简长生接过照片,指尖轻轻摩挲着边缘,语气软了点:“他说青衫客不是英雄,是个认死理的傻子,把道义看得比命重。”他顿了顿,“当年他演最后一场诀别戏,台下有人喊‘柳轻侯该死’,他愣了一下,后来跟我说,柳轻侯也不是坏人,只是站错了地方。”
陈伶没说话,从抽屉里翻出一盘标注着“1987年《青衫客》”的录像带,塞进播放机。屏幕亮起,老周饰演的柳轻侯出场,一个转身,眼神里既有权臣的冷,又有藏不住的落寞。简长生看得入了神,直到陈伶递来一瓶水,才回过神。
“你看这里,”陈伶指着屏幕,柳轻侯面对青衫客的质问,手指无意识地捻着袖口,“他在紧张,但不想让人看出来,这个小动作比嘶吼更有劲儿。”
简长生没反驳,点了点头。那天下午,两人没再吵架,只是对着录像带,一句一句地抠台词,一个一个地磨动作,直到夕阳把影子拉得很长。
排练厅的镜子映出两个身影,简长生做一个旋身挥剑的动作时,腰侧突然传来一阵刺痛——那是去年演武戏摔下来留下的旧伤,动作瞬间变形。陈伶眼疾手快,上前扶住他的胳膊,掌心的温度透过戏服传过来,很暖。
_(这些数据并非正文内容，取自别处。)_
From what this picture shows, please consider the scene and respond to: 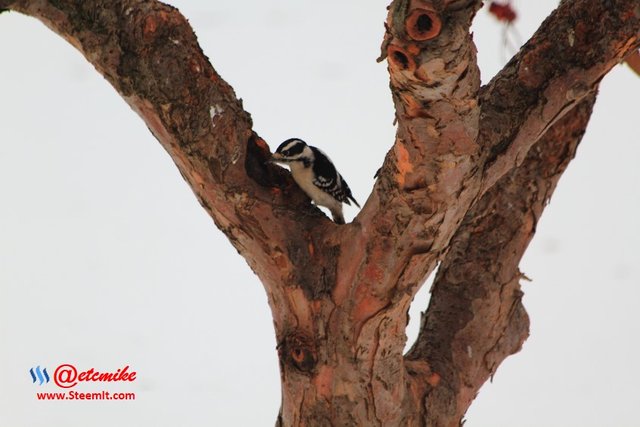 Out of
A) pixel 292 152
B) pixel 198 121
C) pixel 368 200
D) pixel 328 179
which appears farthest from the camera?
pixel 328 179

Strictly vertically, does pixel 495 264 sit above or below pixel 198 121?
below

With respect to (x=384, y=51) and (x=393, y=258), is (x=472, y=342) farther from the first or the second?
(x=384, y=51)

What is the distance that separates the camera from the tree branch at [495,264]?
3.29 m

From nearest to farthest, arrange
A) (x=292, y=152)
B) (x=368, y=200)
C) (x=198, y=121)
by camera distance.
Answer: (x=368, y=200) → (x=198, y=121) → (x=292, y=152)

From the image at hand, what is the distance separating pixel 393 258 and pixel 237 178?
56 cm

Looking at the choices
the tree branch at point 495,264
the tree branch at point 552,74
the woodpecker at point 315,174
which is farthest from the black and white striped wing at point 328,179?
the tree branch at point 552,74

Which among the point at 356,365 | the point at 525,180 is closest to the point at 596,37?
the point at 525,180

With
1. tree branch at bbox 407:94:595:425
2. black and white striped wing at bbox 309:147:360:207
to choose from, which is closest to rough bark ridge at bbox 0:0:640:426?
tree branch at bbox 407:94:595:425

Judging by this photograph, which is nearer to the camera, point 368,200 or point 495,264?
point 368,200

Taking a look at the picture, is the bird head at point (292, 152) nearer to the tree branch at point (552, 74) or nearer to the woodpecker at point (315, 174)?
the woodpecker at point (315, 174)

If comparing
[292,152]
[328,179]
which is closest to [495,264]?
[328,179]

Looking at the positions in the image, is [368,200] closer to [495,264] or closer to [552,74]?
[552,74]

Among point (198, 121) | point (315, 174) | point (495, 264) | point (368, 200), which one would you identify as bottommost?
point (368, 200)

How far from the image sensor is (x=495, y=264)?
3.32 metres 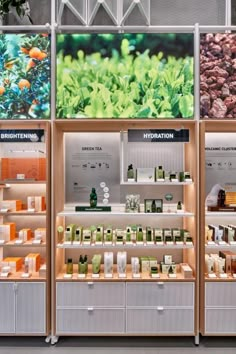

“别硬撑。”陈伶的声音比平时低了点,“我找队医借了护腰,明天给你带来。”
简长生甩开他的手,嘴硬道:“不用,老毛病了,忍忍就过。”但第二天排练时,他看到自己的椅子上放着一个黑色的护腰,上面还贴了张便签,“缠紧点,别让老爷子的戏砸在你手里。”
简长生盯着便签看了半天,最后还是别扭地把护腰缠在了身上。那之后,排练时的争吵少了,更多的是沉默的磨合。简长生会注意陈伶说的“细腻”,在青衫客眼里加一点对柳轻侯的惋惜;陈伶也会听简长生的建议,在柳轻侯的冷笑里加一丝狠劲,让角色更立体。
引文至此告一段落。